• _Given data_
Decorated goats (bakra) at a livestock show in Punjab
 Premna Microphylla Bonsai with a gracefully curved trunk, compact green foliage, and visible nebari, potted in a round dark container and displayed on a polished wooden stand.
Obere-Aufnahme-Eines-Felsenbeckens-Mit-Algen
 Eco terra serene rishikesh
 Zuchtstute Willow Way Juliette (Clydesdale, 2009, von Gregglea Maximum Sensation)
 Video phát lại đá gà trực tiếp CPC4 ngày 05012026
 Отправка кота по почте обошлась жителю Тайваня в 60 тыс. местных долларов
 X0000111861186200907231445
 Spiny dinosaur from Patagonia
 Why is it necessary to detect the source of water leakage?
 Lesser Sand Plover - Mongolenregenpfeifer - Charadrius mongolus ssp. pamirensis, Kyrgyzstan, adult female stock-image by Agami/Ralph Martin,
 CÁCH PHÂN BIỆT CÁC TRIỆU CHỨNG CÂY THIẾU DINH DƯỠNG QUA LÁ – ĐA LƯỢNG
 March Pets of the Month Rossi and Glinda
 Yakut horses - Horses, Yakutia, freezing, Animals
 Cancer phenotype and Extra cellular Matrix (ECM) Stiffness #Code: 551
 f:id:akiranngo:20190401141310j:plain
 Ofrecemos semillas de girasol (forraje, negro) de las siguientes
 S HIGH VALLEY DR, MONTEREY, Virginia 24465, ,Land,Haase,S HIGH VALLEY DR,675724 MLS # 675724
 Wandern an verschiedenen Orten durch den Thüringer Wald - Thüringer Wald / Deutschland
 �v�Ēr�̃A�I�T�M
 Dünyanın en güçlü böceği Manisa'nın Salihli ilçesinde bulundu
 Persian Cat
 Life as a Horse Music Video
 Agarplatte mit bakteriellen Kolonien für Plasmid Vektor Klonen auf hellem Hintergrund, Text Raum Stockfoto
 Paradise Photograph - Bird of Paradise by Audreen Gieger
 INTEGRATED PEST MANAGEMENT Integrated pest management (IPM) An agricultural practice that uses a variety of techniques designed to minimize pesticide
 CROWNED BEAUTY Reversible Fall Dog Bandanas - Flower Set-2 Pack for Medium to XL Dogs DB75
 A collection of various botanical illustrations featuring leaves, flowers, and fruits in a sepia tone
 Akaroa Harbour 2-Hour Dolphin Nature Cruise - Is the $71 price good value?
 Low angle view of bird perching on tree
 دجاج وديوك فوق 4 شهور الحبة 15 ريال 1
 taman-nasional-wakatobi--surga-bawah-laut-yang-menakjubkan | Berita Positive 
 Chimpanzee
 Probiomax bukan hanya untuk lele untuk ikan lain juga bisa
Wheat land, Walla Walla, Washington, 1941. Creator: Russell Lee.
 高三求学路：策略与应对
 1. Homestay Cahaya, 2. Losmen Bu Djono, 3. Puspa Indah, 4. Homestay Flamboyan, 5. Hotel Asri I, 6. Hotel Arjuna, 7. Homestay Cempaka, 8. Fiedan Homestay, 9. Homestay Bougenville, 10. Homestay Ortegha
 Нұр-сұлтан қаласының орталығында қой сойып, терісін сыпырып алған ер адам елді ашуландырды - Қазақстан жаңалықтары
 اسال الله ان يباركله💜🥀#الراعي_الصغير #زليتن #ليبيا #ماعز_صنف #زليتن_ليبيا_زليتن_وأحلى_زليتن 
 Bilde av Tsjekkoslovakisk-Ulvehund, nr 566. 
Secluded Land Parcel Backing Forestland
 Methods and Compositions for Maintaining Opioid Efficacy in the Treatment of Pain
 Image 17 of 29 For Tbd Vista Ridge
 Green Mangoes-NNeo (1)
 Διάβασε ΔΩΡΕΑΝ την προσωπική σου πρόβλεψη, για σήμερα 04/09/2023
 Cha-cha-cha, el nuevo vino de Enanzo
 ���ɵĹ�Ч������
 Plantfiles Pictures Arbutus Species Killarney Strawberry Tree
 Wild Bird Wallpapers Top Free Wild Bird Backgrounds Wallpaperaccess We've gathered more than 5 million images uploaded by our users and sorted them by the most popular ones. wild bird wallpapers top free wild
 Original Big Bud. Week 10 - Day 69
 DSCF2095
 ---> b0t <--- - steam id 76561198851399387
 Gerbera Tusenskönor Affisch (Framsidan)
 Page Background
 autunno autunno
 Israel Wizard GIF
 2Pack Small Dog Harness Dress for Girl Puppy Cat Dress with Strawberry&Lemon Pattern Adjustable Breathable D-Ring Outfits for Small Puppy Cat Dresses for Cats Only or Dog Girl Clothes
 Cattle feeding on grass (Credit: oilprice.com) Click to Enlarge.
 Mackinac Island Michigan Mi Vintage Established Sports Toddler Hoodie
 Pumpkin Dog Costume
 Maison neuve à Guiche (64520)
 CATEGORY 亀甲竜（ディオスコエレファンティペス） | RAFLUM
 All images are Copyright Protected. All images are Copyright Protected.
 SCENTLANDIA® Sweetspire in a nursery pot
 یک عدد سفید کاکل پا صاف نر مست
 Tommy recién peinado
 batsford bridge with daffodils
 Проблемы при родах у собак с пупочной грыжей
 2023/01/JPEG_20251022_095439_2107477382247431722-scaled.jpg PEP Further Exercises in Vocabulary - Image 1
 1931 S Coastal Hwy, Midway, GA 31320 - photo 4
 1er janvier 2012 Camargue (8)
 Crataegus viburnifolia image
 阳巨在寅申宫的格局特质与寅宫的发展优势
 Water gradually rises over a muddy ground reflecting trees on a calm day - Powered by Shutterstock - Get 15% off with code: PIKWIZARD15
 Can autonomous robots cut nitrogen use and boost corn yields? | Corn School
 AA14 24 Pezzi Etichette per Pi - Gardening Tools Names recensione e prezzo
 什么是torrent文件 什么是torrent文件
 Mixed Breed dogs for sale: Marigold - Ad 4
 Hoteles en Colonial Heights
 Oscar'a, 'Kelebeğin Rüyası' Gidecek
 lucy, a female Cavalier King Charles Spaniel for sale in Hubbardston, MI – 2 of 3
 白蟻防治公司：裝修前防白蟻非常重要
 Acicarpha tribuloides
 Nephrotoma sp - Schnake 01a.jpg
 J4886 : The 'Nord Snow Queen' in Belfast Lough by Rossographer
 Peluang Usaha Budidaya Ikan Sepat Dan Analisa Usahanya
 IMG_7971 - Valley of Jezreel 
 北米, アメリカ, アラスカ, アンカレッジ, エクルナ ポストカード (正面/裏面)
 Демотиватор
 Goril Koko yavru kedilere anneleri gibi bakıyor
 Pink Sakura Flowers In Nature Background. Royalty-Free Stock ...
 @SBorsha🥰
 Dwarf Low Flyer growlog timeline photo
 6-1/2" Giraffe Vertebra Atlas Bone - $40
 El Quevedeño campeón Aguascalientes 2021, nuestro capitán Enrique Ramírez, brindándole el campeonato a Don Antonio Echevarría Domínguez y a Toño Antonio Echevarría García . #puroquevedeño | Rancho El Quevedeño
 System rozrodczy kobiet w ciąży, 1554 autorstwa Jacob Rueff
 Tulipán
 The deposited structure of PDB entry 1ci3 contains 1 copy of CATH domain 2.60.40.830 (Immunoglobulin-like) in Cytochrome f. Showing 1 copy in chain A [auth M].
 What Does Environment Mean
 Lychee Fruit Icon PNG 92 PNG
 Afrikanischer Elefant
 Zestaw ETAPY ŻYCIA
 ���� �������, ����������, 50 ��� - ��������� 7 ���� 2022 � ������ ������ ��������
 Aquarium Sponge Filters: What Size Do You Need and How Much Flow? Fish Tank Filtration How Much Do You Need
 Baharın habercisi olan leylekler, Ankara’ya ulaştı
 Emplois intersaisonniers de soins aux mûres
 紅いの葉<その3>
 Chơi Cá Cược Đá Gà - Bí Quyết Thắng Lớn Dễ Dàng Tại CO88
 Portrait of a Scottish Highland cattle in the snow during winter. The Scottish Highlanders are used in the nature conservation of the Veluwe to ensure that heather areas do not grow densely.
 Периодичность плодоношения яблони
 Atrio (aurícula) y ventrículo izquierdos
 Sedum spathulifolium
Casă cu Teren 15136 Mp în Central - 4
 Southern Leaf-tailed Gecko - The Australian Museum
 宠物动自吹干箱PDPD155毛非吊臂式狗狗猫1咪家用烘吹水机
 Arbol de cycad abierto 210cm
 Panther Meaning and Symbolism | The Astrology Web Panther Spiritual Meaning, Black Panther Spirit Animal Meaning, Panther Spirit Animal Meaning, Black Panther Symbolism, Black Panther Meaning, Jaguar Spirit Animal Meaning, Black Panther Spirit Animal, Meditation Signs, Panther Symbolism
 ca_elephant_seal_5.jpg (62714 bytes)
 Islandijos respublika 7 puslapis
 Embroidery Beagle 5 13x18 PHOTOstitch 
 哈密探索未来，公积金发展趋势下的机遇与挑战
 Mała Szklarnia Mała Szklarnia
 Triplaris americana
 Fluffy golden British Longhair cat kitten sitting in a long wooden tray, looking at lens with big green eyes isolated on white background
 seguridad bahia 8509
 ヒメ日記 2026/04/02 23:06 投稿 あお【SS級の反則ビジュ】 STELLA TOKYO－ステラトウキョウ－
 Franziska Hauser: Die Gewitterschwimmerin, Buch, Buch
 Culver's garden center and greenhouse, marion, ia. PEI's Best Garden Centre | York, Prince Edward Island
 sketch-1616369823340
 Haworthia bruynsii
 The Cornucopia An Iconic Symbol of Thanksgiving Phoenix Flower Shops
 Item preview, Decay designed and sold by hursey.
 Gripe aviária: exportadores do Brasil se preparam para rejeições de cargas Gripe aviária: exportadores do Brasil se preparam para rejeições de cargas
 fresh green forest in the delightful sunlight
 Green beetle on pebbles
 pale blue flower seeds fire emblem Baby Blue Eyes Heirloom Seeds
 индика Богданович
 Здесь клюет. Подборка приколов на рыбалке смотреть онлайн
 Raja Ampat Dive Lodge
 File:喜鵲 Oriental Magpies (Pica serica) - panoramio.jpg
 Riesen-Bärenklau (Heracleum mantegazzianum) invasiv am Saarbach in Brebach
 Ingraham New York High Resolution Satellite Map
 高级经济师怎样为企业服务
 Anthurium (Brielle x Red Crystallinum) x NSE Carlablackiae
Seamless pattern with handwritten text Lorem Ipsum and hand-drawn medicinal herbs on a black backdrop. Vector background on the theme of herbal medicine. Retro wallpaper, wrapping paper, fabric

• _To do_
Set down only the lines above that fall between the line holding "Spiny dinosaur from Patagonia" and the line holding "高三求学路：策略与应对", inclusive, keeping each exact.

• _Exercise answer_
 Spiny dinosaur from Patagonia
 Why is it necessary to detect the source of water leakage?
 Lesser Sand Plover - Mongolenregenpfeifer - Charadrius mongolus ssp. pamirensis, Kyrgyzstan, adult female stock-image by Agami/Ralph Martin,
 CÁCH PHÂN BIỆT CÁC TRIỆU CHỨNG CÂY THIẾU DINH DƯỠNG QUA LÁ – ĐA LƯỢNG
 March Pets of the Month Rossi and Glinda
 Yakut horses - Horses, Yakutia, freezing, Animals
 Cancer phenotype and Extra cellular Matrix (ECM) Stiffness #Code: 551
 f:id:akiranngo:20190401141310j:plain
 Ofrecemos semillas de girasol (forraje, negro) de las siguientes
 S HIGH VALLEY DR, MONTEREY, Virginia 24465, ,Land,Haase,S HIGH VALLEY DR,675724 MLS # 675724
 Wandern an verschiedenen Orten durch den Thüringer Wald - Thüringer Wald / Deutschland
 �v�Ēr�̃A�I�T�M
 Dünyanın en güçlü böceği Manisa'nın Salihli ilçesinde bulundu
 Persian Cat
 Life as a Horse Music Video
 Agarplatte mit bakteriellen Kolonien für Plasmid Vektor Klonen auf hellem Hintergrund, Text Raum Stockfoto
 Paradise Photograph - Bird of Paradise by Audreen Gieger
 INTEGRATED PEST MANAGEMENT Integrated pest management (IPM) An agricultural practice that uses a variety of techniques designed to minimize pesticide
 CROWNED BEAUTY Reversible Fall Dog Bandanas - Flower Set-2 Pack for Medium to XL Dogs DB75
 A collection of various botanical illustrations featuring leaves, flowers, and fruits in a sepia tone
 Akaroa Harbour 2-Hour Dolphin Nature Cruise - Is the $71 price good value?
 Low angle view of bird perching on tree
 دجاج وديوك فوق 4 شهور الحبة 15 ريال 1
 taman-nasional-wakatobi--surga-bawah-laut-yang-menakjubkan | Berita Positive 
 Chimpanzee
 Probiomax bukan hanya untuk lele untuk ikan lain juga bisa
Wheat land, Walla Walla, Washington, 1941. Creator: Russell Lee.
 高三求学路：策略与应对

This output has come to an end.